Let us see if we can modify the inputs of time_functions
for a better visual
representation.
solutions = [two_sum_bf, two_sum_map]
time_functions(solutions, worst, start=1, double=4, text=False, chart=True)
We changed the initial input size to 1, and the trend of the run-times is a little clearer now. The Brute force algorithm's run-time's still accelerate off into the stratosphere, but we can see the separation and trend of the Mapping algorithm a little better.
5 Conclusion¶
We started this essay with the definition of the Two Sum problem.
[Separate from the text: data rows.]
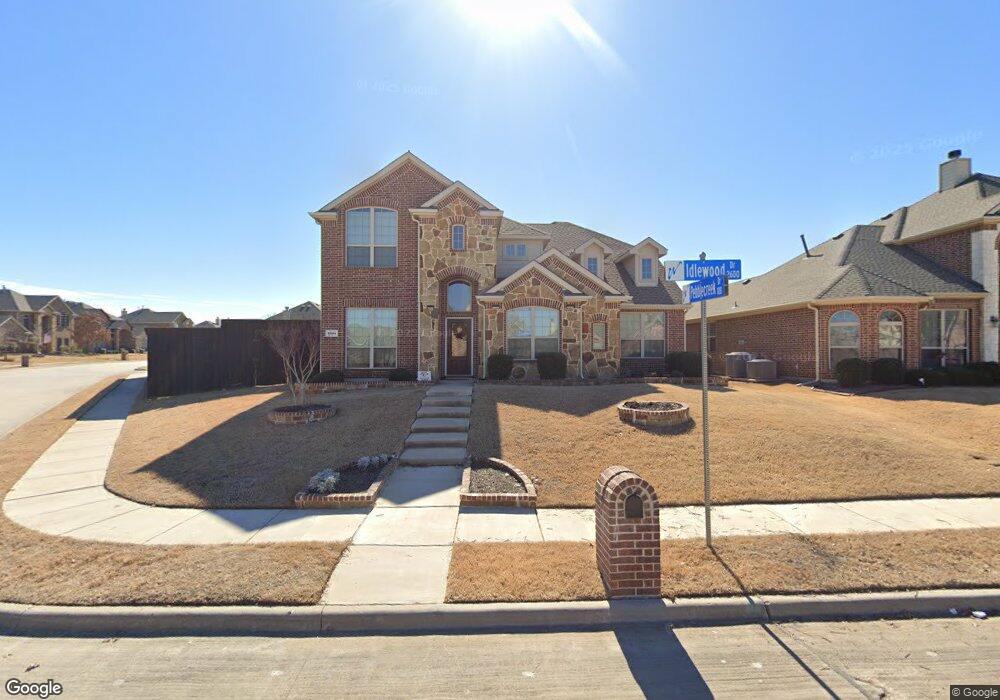 2601 Idlewood Dr, Wylie, TX 75098 - photo 1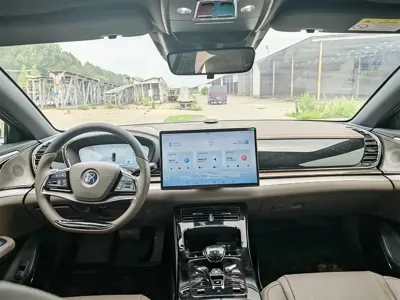 BYD Han 2022, 1000 км, за 14136.17 USD - фото 6
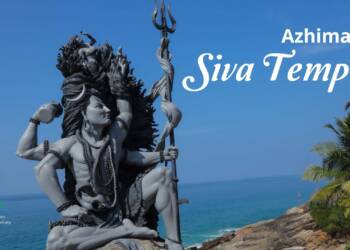 Azhimala Shiva Temple Shiv IDOL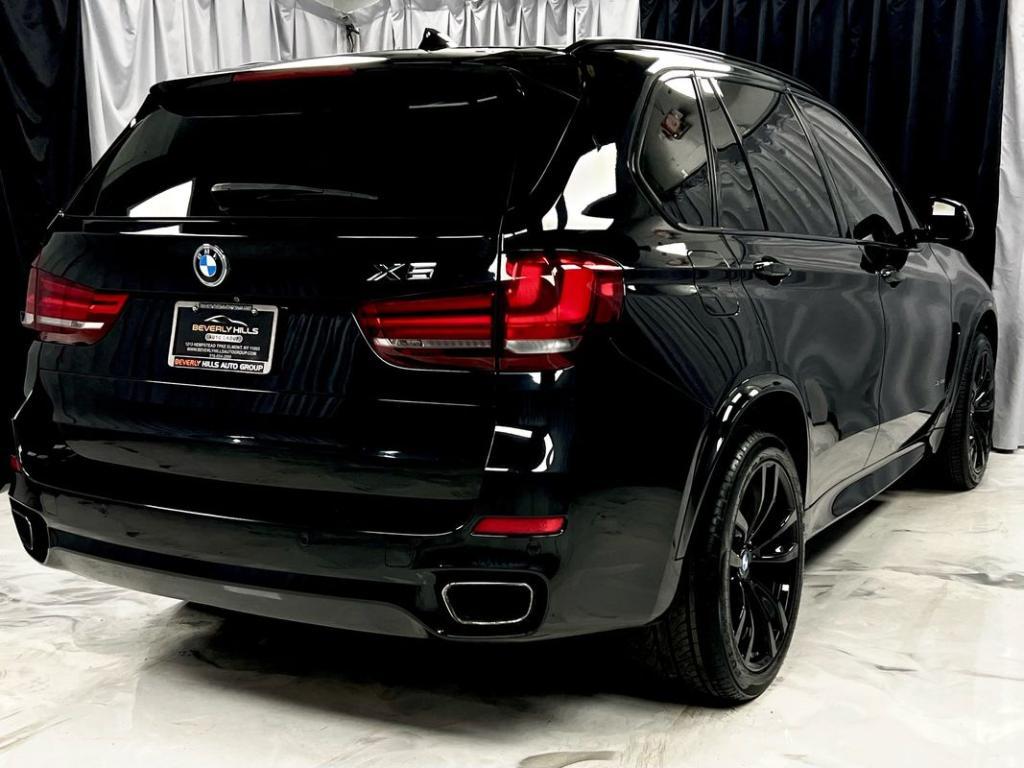 used 2017 BMW X5 car, priced at $26,950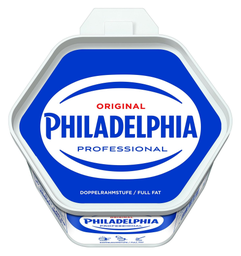 PHILADELPHIA klassisch doppelrahmstufe 1650g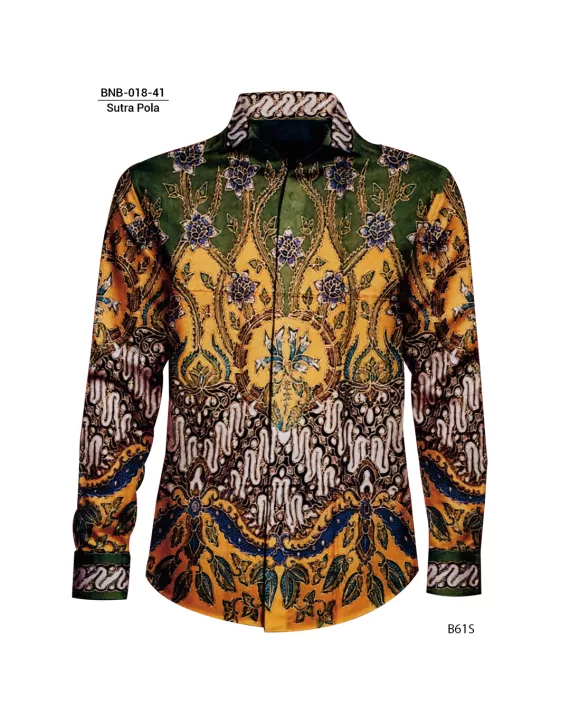 Batik Baron Prada BNB-018-41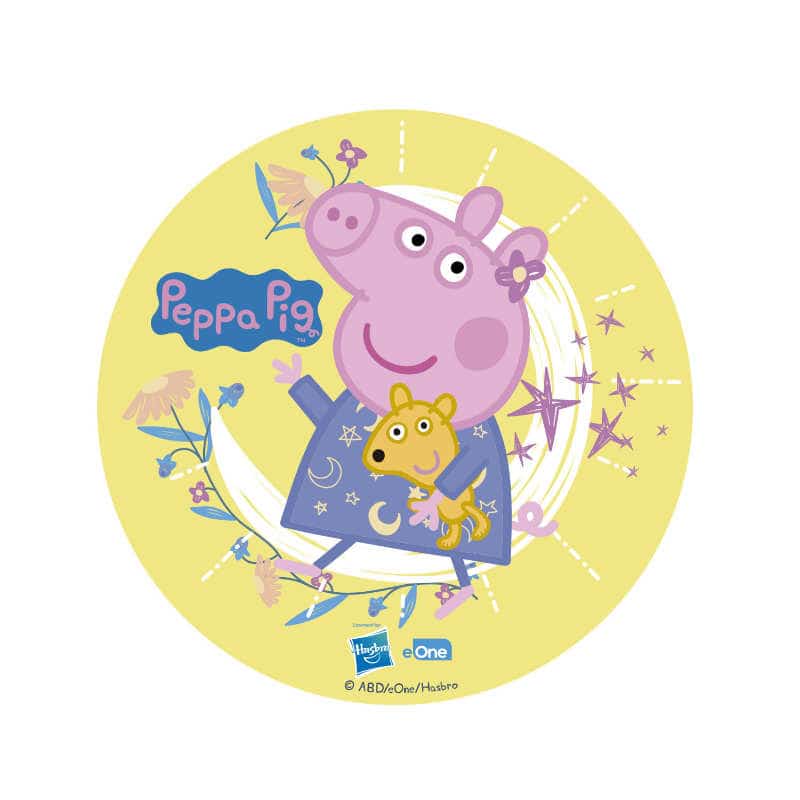 Tortenaufleger Peppa Pig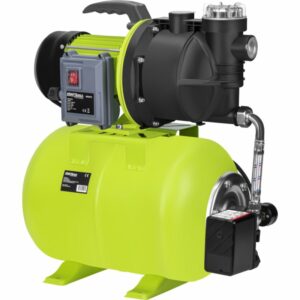 Pompă de presiune, 24L, 1400W, 4800l/h | KD5273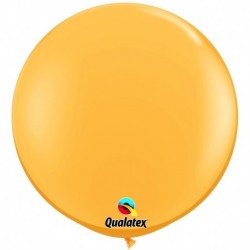 Pallone Qualatex Goldenrod 80 cm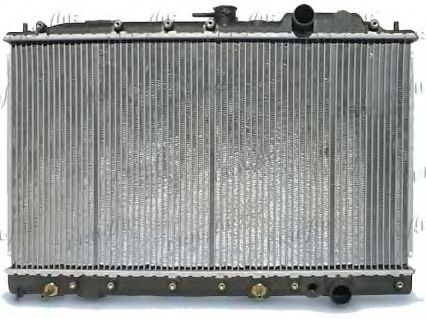 0116.3002 FRIGAIR Cooling System Radiator, engine cooling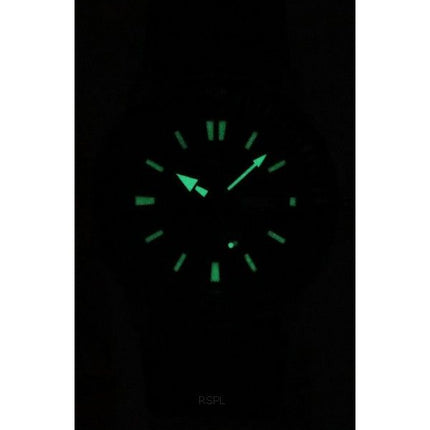 Montre pour homme Casio Standard avec bracelet en résine analogique et cadran noir à quartz MTD-125-2A 100M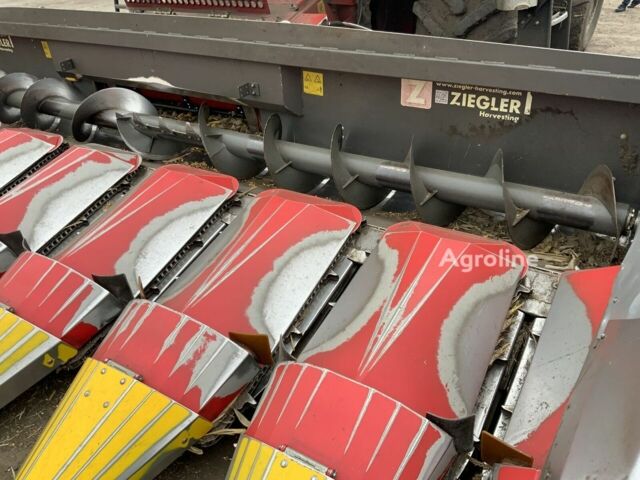 Червоний Зієглєр Другая, об'ємом двигуна 0 л та пробігом 0 тис. км за 27808 $, фото 3 на Automoto.ua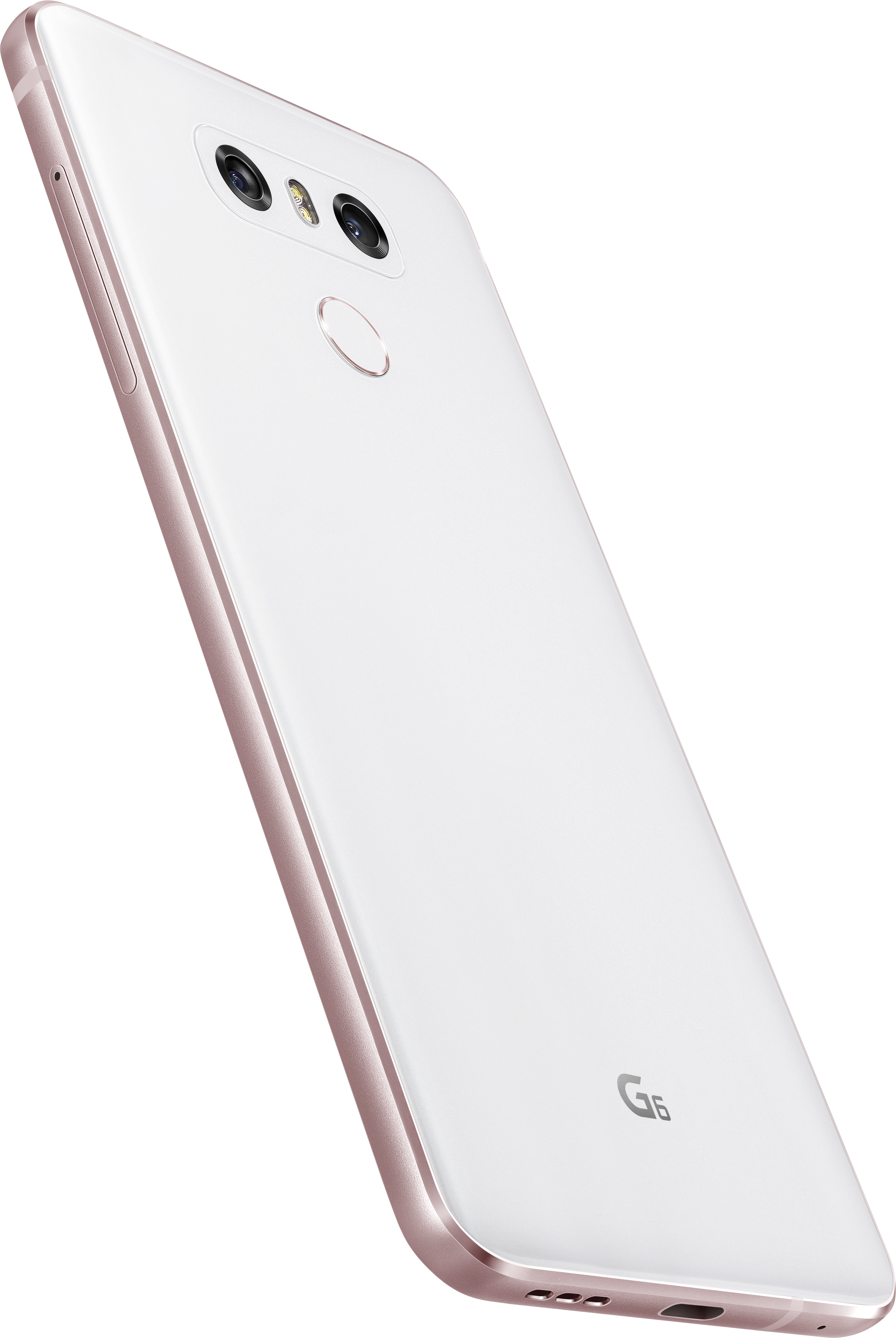 LG G6 32 GB Weiß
Next, we outlined two algorithms: brute force, and mapping . After that, we implemented and tested our solutions using Python, and in the penultimate section we used empirical testing and discussed the results. Now we must decide which of our algorithms is best.
The Brute force algorithm is not very efficient when it comes to run-times. When the size of the input increases the run-times increase by a large amount. The one redeeming aspect of this algorithm is the efficient memory usage which is achieved by not using any additional data structures like dictionaries.
In contrast, the Mapping algorithm is reasonably efficient in terms of run times, but this is achieved by using extra memory in the form of the dictionary. In the final analysis, the slow run-times of the brute force algorithm cannot be ignored. The small trade of memory for faster run-times is worth it in this instance. We therefore conclude the mapping algorithm is best.